Data to process START
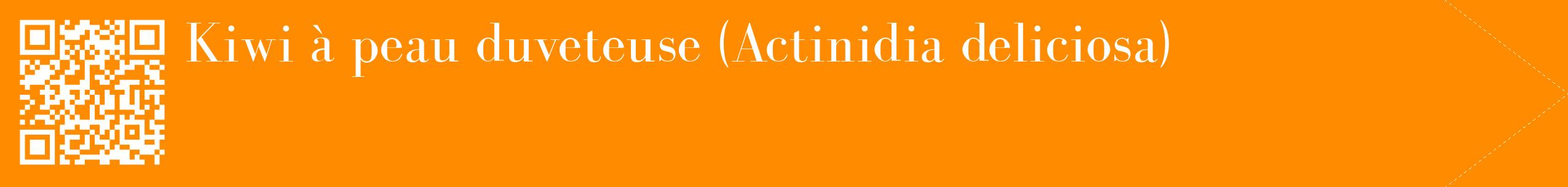 étiquette 2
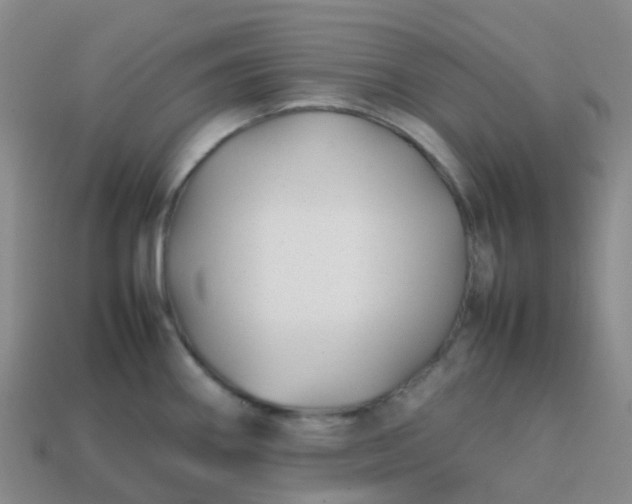 X0000113871290200910081719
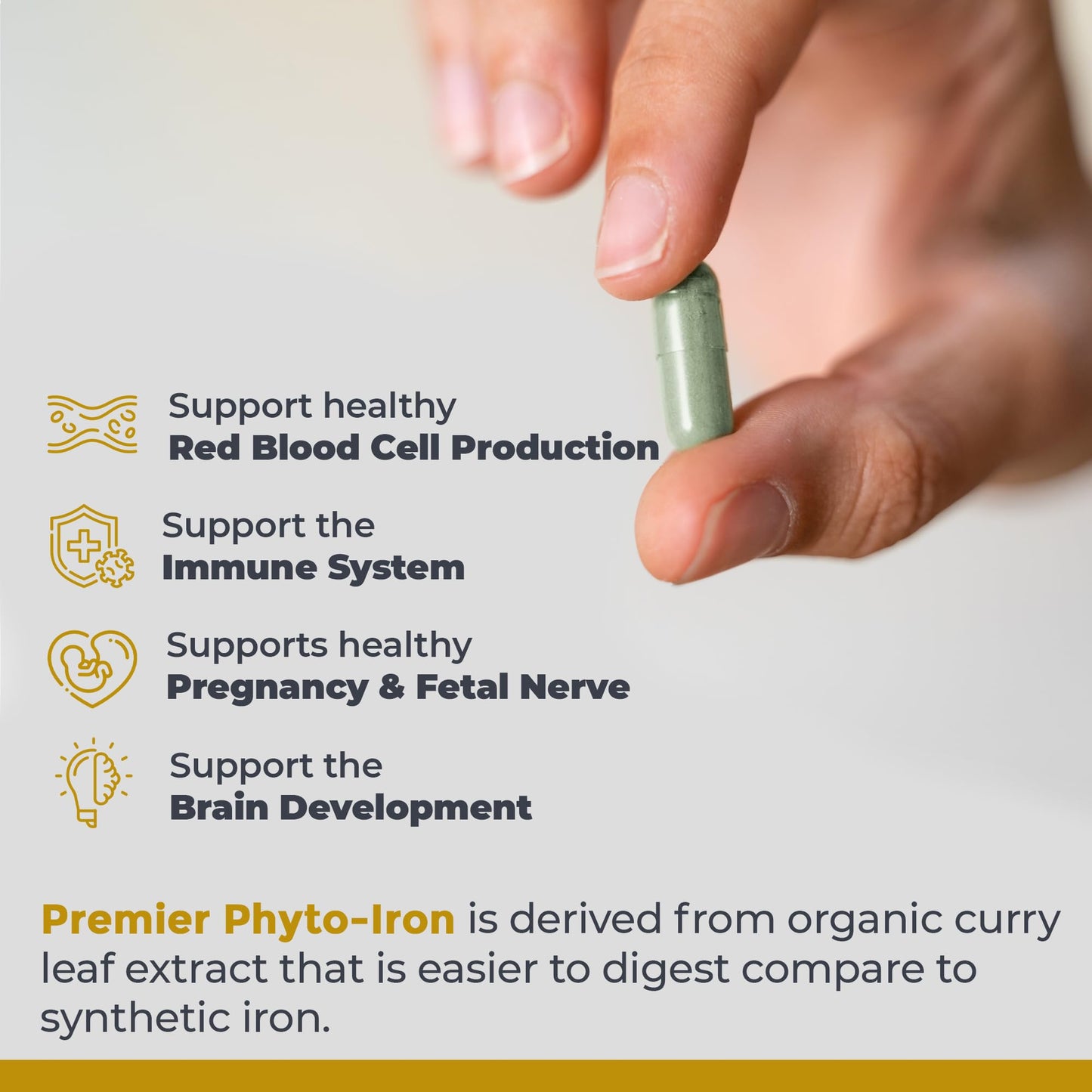 Phyto-Iron Premier Plant-Based Iron — 18 mg, 120 Capsules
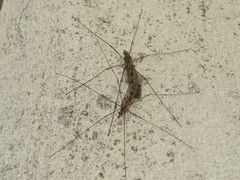 Tipula rufina
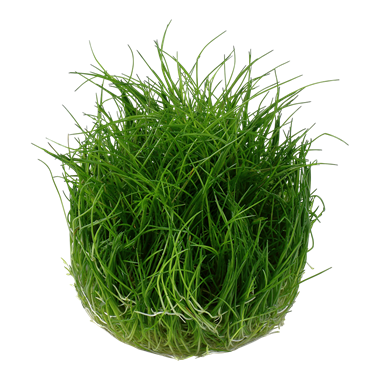 Eleocharis acicularis 'Mini' 1-2-grow! (Medium)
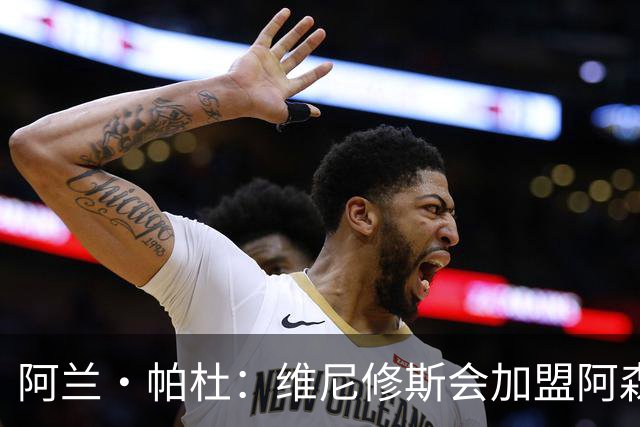 阿兰·帕杜：维尼修斯会加盟阿森纳，他能填补球队左路的空缺
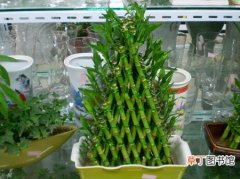 【冬天】富贵竹的冬天养殖方法和注意事项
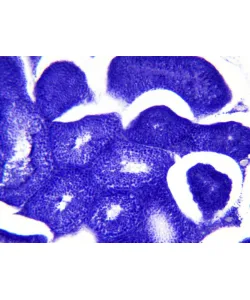 Parengtos skaidrės: Bresser histologija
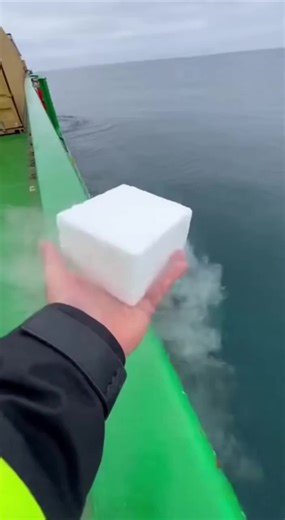 Liquid Nitrogen vs Sea Animals: A Shocking Showdown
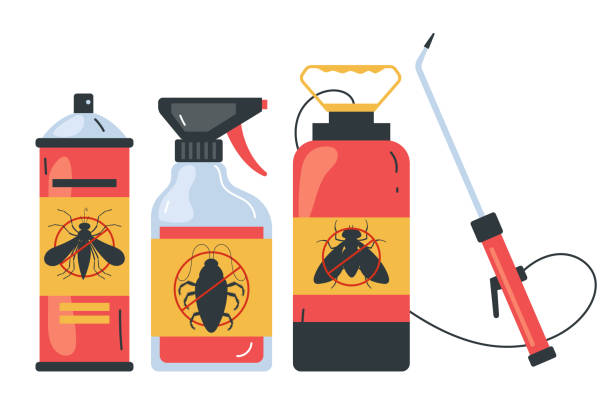 Best Bed Bug Extermination  in Signal Hill, CA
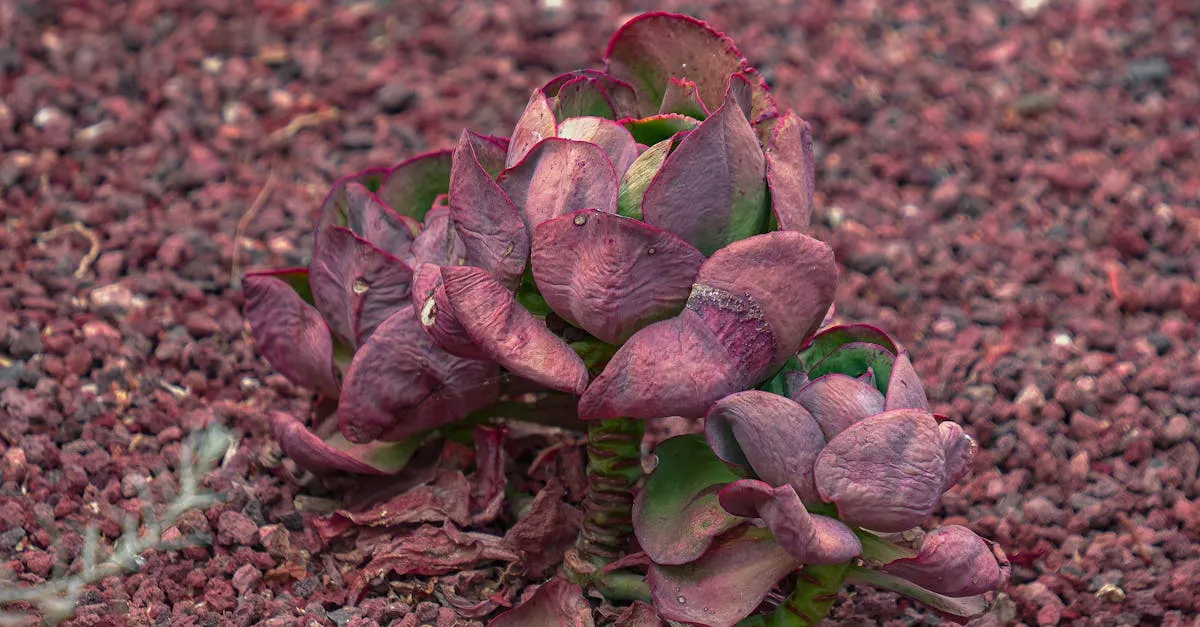 Jade Plant Benefits, Feng Shui, and Good Luck Meaning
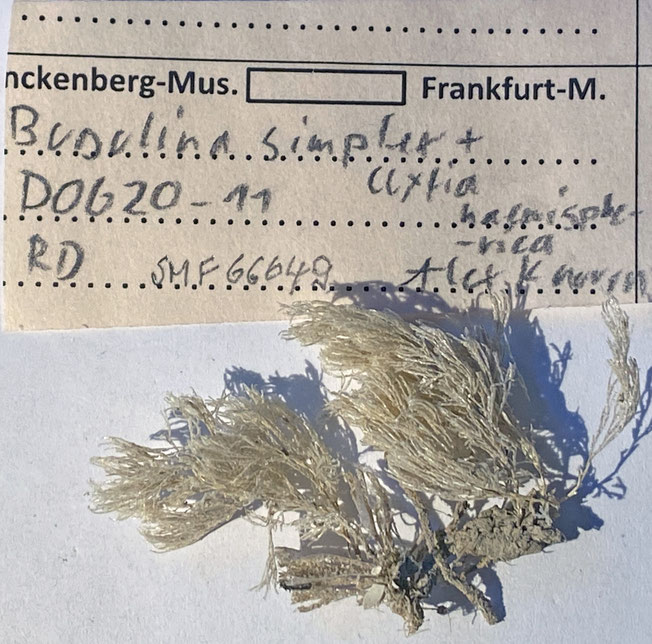 Senckenberg, Bryozoa, Bryozoen, Moostierchen, Sammlung Voigt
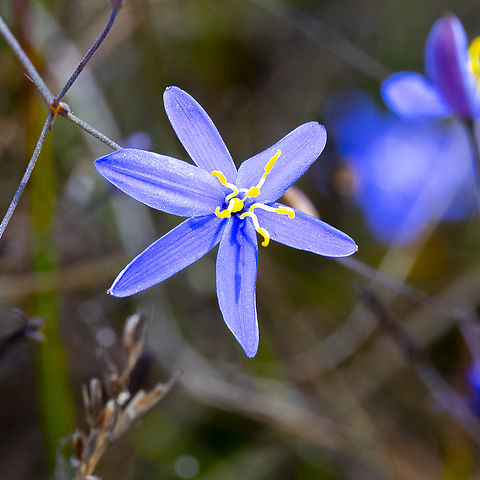 Thelionema caespitosum  Australia,Geotagged,Spring,Thelionema caespitosum,Tufted Lily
Data to process END
*Goal of the exercise*:
Above are the records; copy them exactly without the pictures.

*The answer*:
 étiquette 2
 X0000113871290200910081719
 Phyto-Iron Premier Plant-Based Iron — 18 mg, 120 Capsules
 Tipula rufina
 Eleocharis acicularis 'Mini' 1-2-grow! (Medium)
 阿兰·帕杜：维尼修斯会加盟阿森纳，他能填补球队左路的空缺
 【冬天】富贵竹的冬天养殖方法和注意事项
 Parengtos skaidrės: Bresser histologija
 Liquid Nitrogen vs Sea Animals: A Shocking Showdown
 Best Bed Bug Extermination  in Signal Hill, CA
 Jade Plant Benefits, Feng Shui, and Good Luck Meaning
 Senckenberg, Bryozoa, Bryozoen, Moostierchen, Sammlung Voigt
 Thelionema caespitosum  Australia,Geotagged,Spring,Thelionema caespitosum,Tufted Lily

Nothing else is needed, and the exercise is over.